WASHINGTON (MarketWatch) — Thanks to rising house prices and a growing stock market, U.S. households and nonprofits added $1.5 trillion in net worth in the first quarter, according to Federal Reserve data released Thursday.
The data was part of a voluminous report called the “financial accounts of the United States,” which contains details on an array of assets and liabilities. The gain in net worth to $81.76 trillion was driven by a $758 billion increase in the value of residential real estate and a $361 billion rise in corporate equities.
Though housing activity has remained muted, prices have grown, allowing many homeowners to escape a situation where their mortgage was greater than what their house was worth. Separate data released by CoreLogic show the number of properties that are underwater has dropped by about half since 2009.
Collectively, households now have 53.6% of the equity in residential real estate — way up from a low of 38.4% in 2009.

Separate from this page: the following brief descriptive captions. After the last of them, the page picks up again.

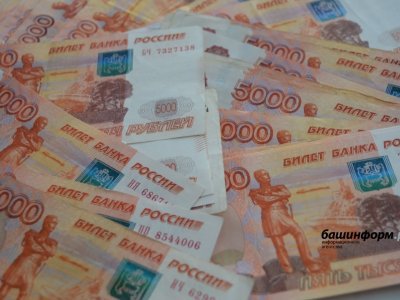 «Легкая рука»: уроженка Башкирии выиграла в лотерею два миллиона рублей на загородный дом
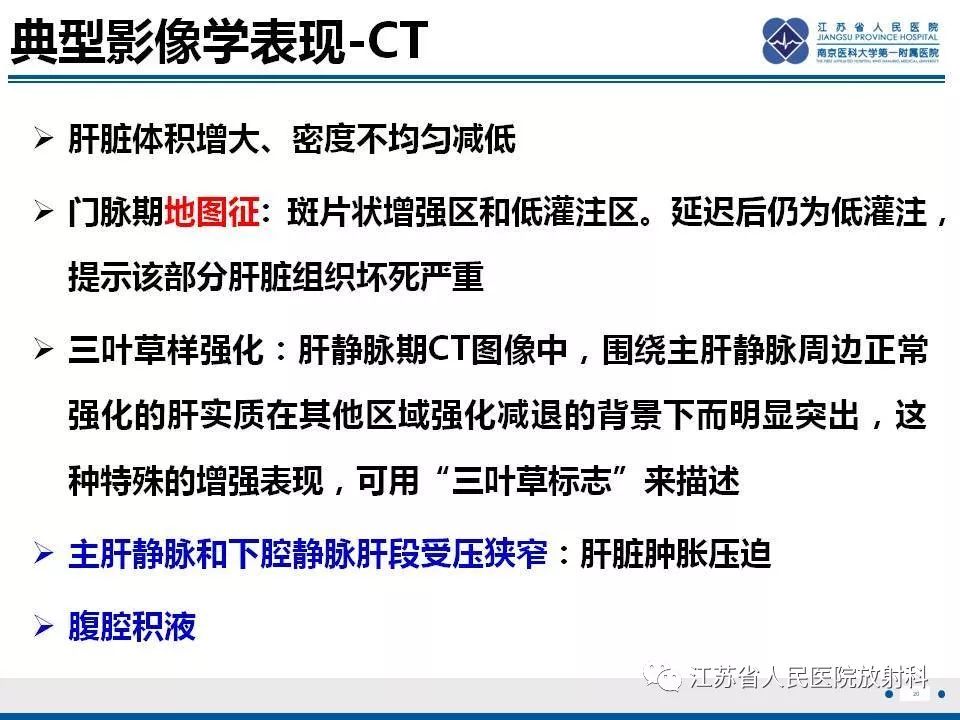 影像PPT - 【病例】肝小静脉闭塞病HVOD一例CT影像-21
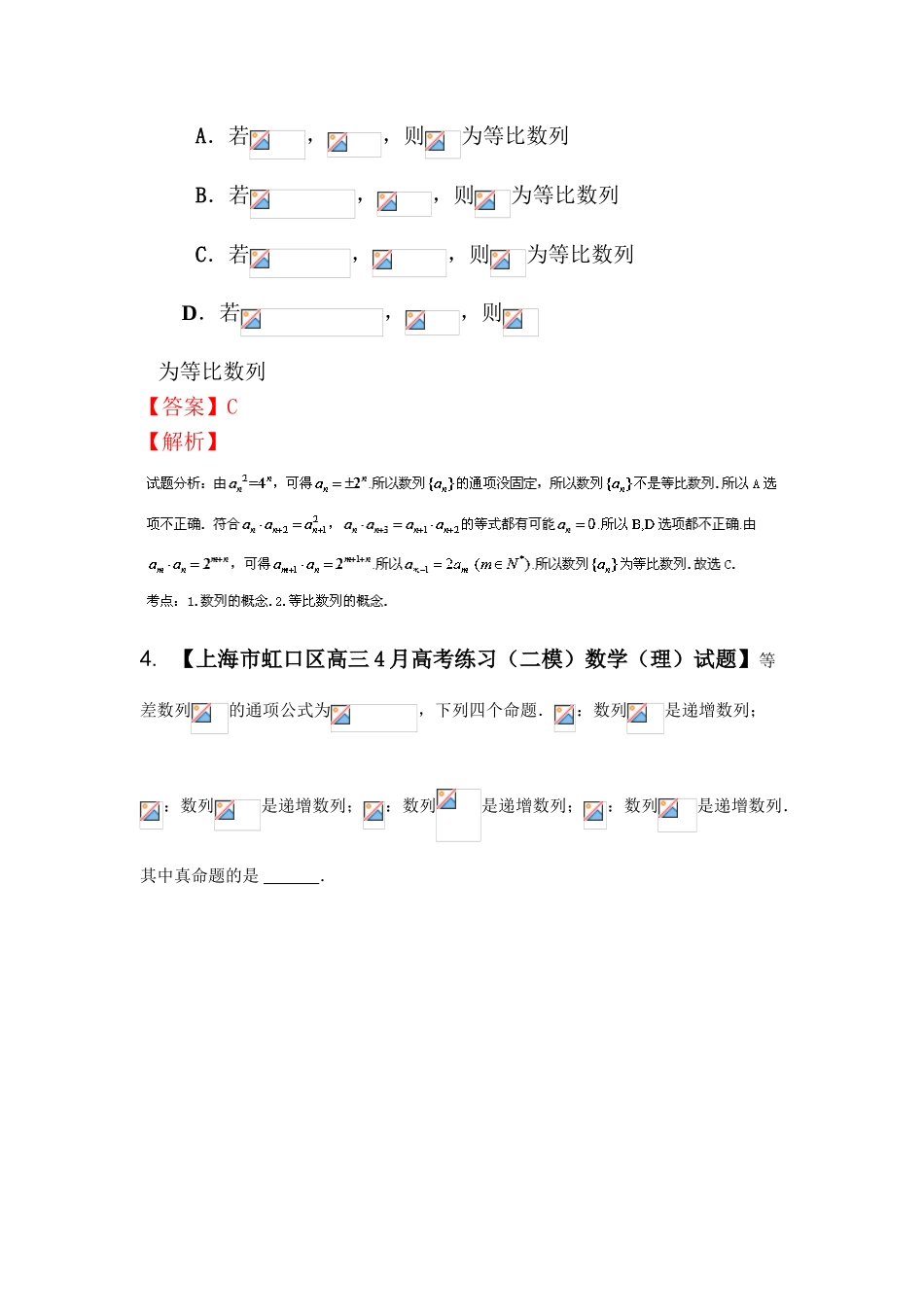 2025年高一数学下册单元知识点解析检测_第2页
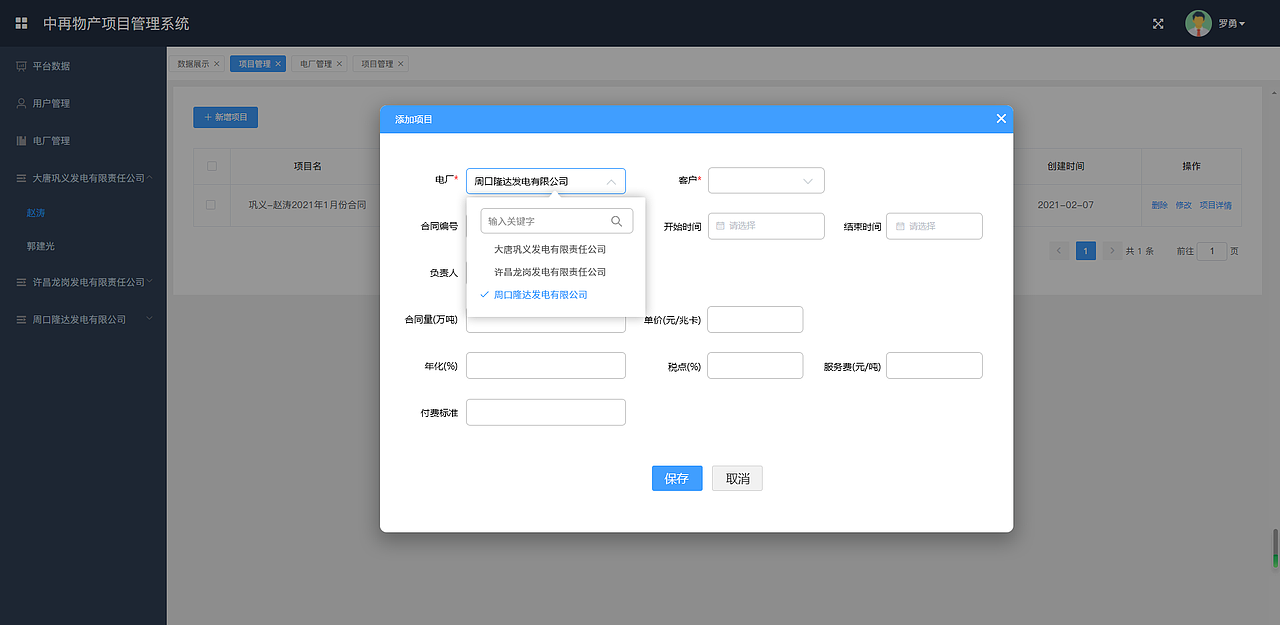 web管理系统界面设计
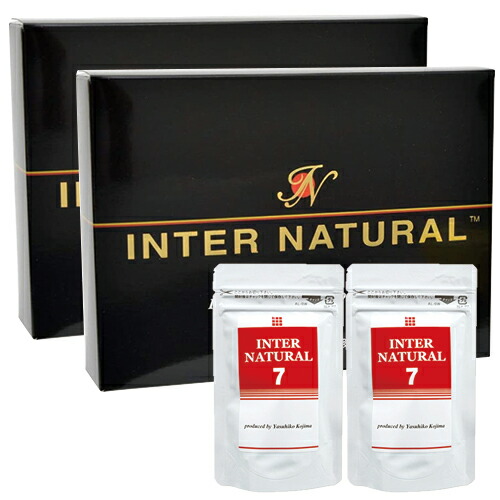 【あす着】 パラディアム インターナチュラル(INTER NATURAL) 30包×2箱 + 7包×2個セット - 新しいコンセプトの健康サプリメント【正規代理店】【送料無料】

Debt outside the financial sector rose at a seasonally adjusted rate of 5% in the first quarter, a slight deceleration from the 5.2% in the fourth quarter of 2013.
Household debt grew 2%, as the 6.6% gain in consumer credit like car and student loans offset the 0.9% drop in mortgage debt. Mortgage debt has dropped 15 of the last 17 quarters, a drop of 13% from six years ago.
The part of the economy that can take advantage of low interest rates, the corporate sector, continued to borrow, with nonfinancial business debt climbing at an annual rate of 7.3%. The Fed said most of that borrowing came through the bond market.
After four quarters of increases, companies began to deploy the cash on their balance sheet, which fell to $1.85 trillion from $1.94 trillion in the fourth quarter.